E’ una trasformazione che tocca il destino di tutta l’umanità, giacché “con l’Incarnazione il Figlio di Dio si è unito in certo modo a ogni uomo” (Gaudium et spes, 22). Egli è venuto per offrire a tutti la partecipazione alla sua vita divina. Il dono di questa vita comporta una condivisione della sua eternità. Gesù l’ha affermato specialmente a proposito dell’Eucaristia: “Chi mangia la mia carne e beve il mio sangue ha la vita eterna” (Gv 6, 54). L’effetto del banchetto eucaristico è il possesso già fin d’ora di tale vita. Altrove Gesù ha additato la stessa prospettiva attraverso il simbolo di un’acqua viva capace di estinguere la sete, l’acqua viva del suo Spirito donata in vista della vita eterna (cfr Gv 4, 14).
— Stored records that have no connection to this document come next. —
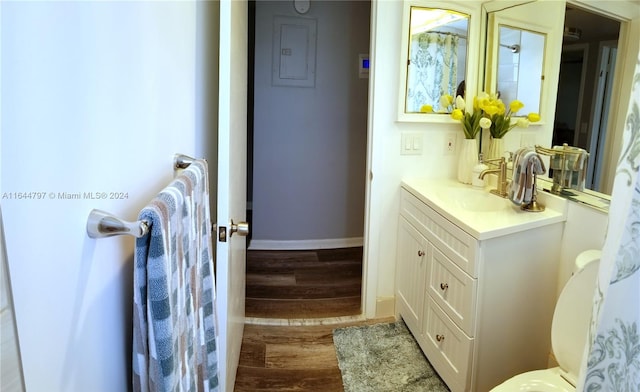 bathroom featuring hardwood / wood-style flooring, toilet, and vanity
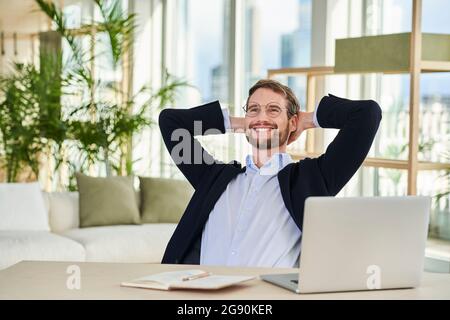 Fröhlicher entspannter männlicher Freiberufler, der im Heimbüro mit den Händen hinter dem Kopf sitzt Stockfoto
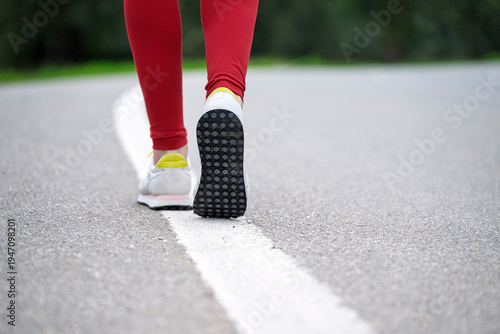 Close up of a woman runner walking along a road wearing white sneakers and red leggings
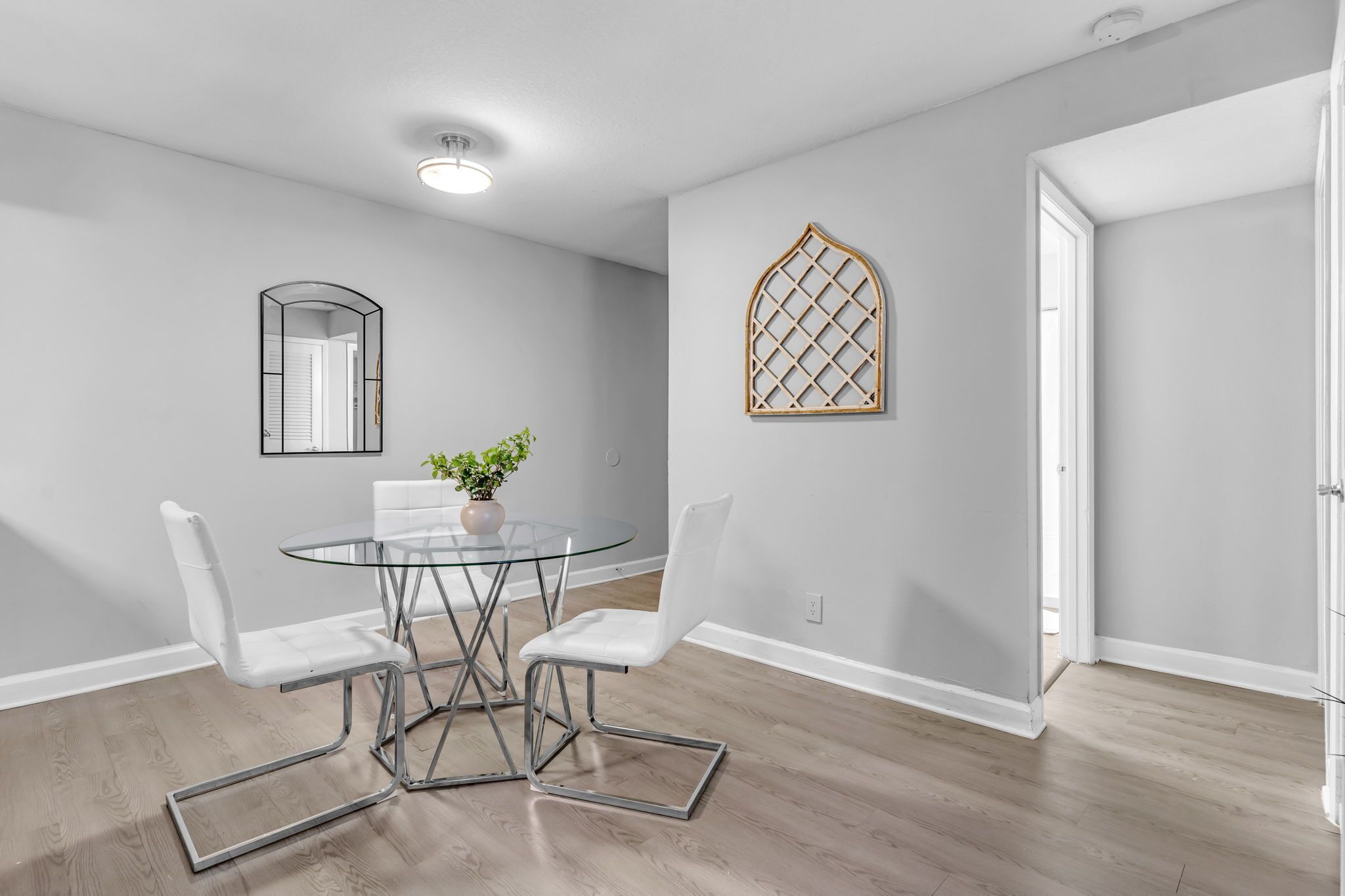 A dining area with a glass table and white chairs, a mirror, and a decorative wooden lattice on the wall.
La vita della grazia rivela così una dimensione di eternità che eleva l’esistenza terrena e la orienta, in una linea di vera continuità, all’ingresso nella vita celeste.
3. La comunicazione della vita eterna di Cristo significa anche una partecipazione al suo atteggiamento di amore filiale verso il Padre.
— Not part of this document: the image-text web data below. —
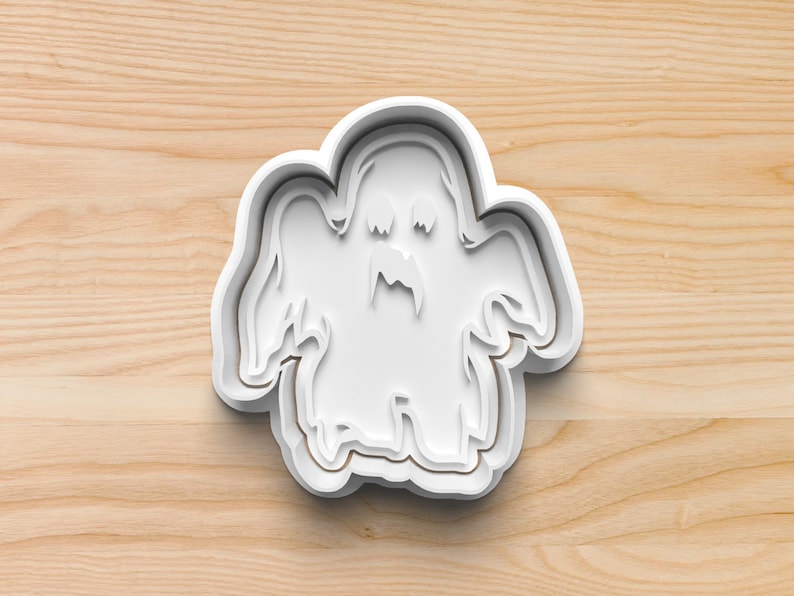 May include: White plastic cookie cutter shaped like a ghost with a toothy grin.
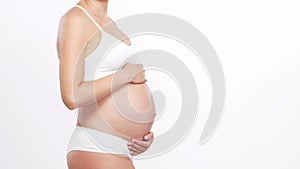 Young, happy and healthy pregnant woman in front of white background. Studio video. Baby expectation, pregnancy and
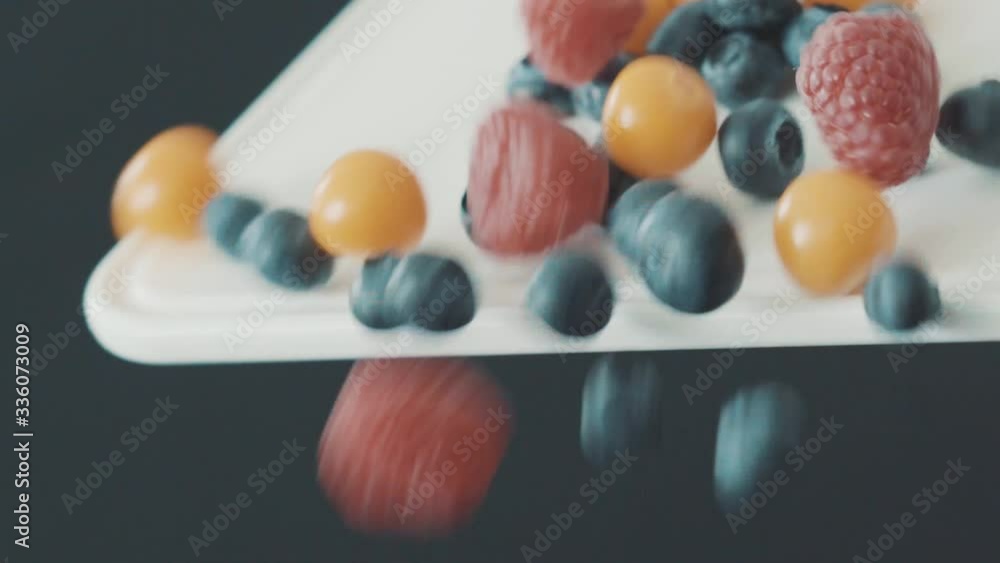 Different berries falling down a chopping board Different berries falling down a chopping board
Nell’eternità “il Verbo era presso Dio” (Gv 1, 1), cioè in perfetto vincolo di comunione col Padre. Quando si fece carne, questo vincolo cominciò ad esprimersi in tutto il comportamento umano di Gesù. Sulla terra il Figlio viveva in costante comunione col Padre, in un atteggiamento di perfetta obbedienza d’amore.
L’entrata dell’eternità nel tempo è l’ingresso, nella vita terrena di Gesù, dell’amore eterno che unisce il Figlio al Padre. A questo allude la Lettera agli Ebrei quando parla delle disposizioni intime di Cristo, nel momento stesso della sua entrata nel mondo: “Ecco io vengo . . . per fare, o Dio, la tua volontà” (Eb 10, 7). L’immenso “salto” dalla vita celeste del Figlio di Dio all’abisso dell’esistenza umana è animato dalla volontà di compiere il disegno del Padre, in una dedizione totale.
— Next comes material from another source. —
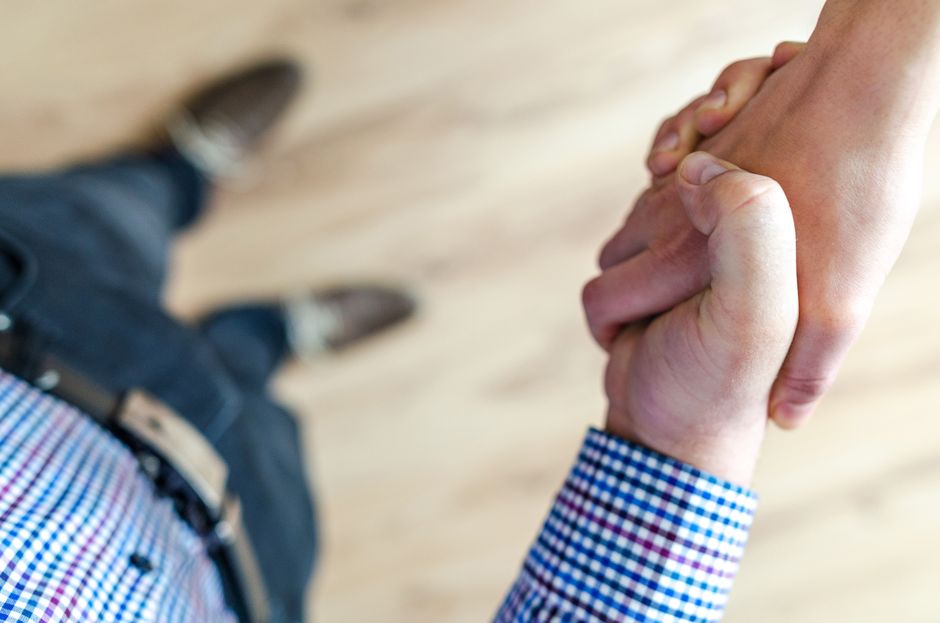 Two people shaking hands, photographed from above over a pale wooden floor.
Noi siamo chiamati ad assumere lo stesso atteggiamento, camminando sulla via aperta dal Figlio di Dio fatto uomo, per condividere così il suo cammino verso il Padre. L’eternità che entra in noi è un sovrano potere d’amore che vuole guidare tutta la nostra vita fino al suo ultimo scopo, nascosto nel mistero del Padre. Gesù stesso ha legato in modo indissolubile i due movimenti, discendente ed ascendente, che definiscono l’Incarnazione: “Sono uscito dal Padre e sono venuto nel mondo; ora lascio di nuovo il mondo, e vado al Padre” (Gv 16, 28).
L’eternità è entrata nella vita umana. Ora la vita umana è chiamata a fare con Cristo il viaggio dal tempo all’eternità.
4. Se in Cristo il tempo viene elevato a un livello superiore, ricevendo accesso all’eternità, ciò implica che anche il millennio che si avvicina non deve essere considerato semplicemente come un passo successivo nel corso del tempo, ma come una tappa del cammino dell’umanità verso il suo destino definitivo.
L’anno 2000 non è soltanto la porta di un altro millennio; esso è la porta dell’eternità che, in Cristo, continua ad aprirsi sul tempo per conferirgli la sua vera direzione e il suo autentico significato.
Ciò dischiude al nostro spirito e al nostro cuore una prospettiva molto più ampia per la considerazione del futuro. Spesso il tempo è poco stimato. Esso sembra deludere l’uomo con la sua precarietà, con il suo rapido fluire, che rende vane tutte le cose. Ma se l’eternità è entrata nel tempo, allora il tempo stesso deve essere riconosciuto come ricco di valore. Il suo inarrestabile flusso non è un viaggio verso il nulla, ma un cammino verso l’eternità.
Il vero pericolo non è il passare del tempo, ma lo spenderlo male, rifiutando la vita eterna offerta da Cristo. Il desiderio della vita e della felicità eterna deve essere incessantemente risvegliato nel cuore umano. La celebrazione del Giubileo vuole appunto far crescere questo desiderio, aiutando i credenti e gli uomini del nostro tempo a dilatare il cuore ad una vita senza confini.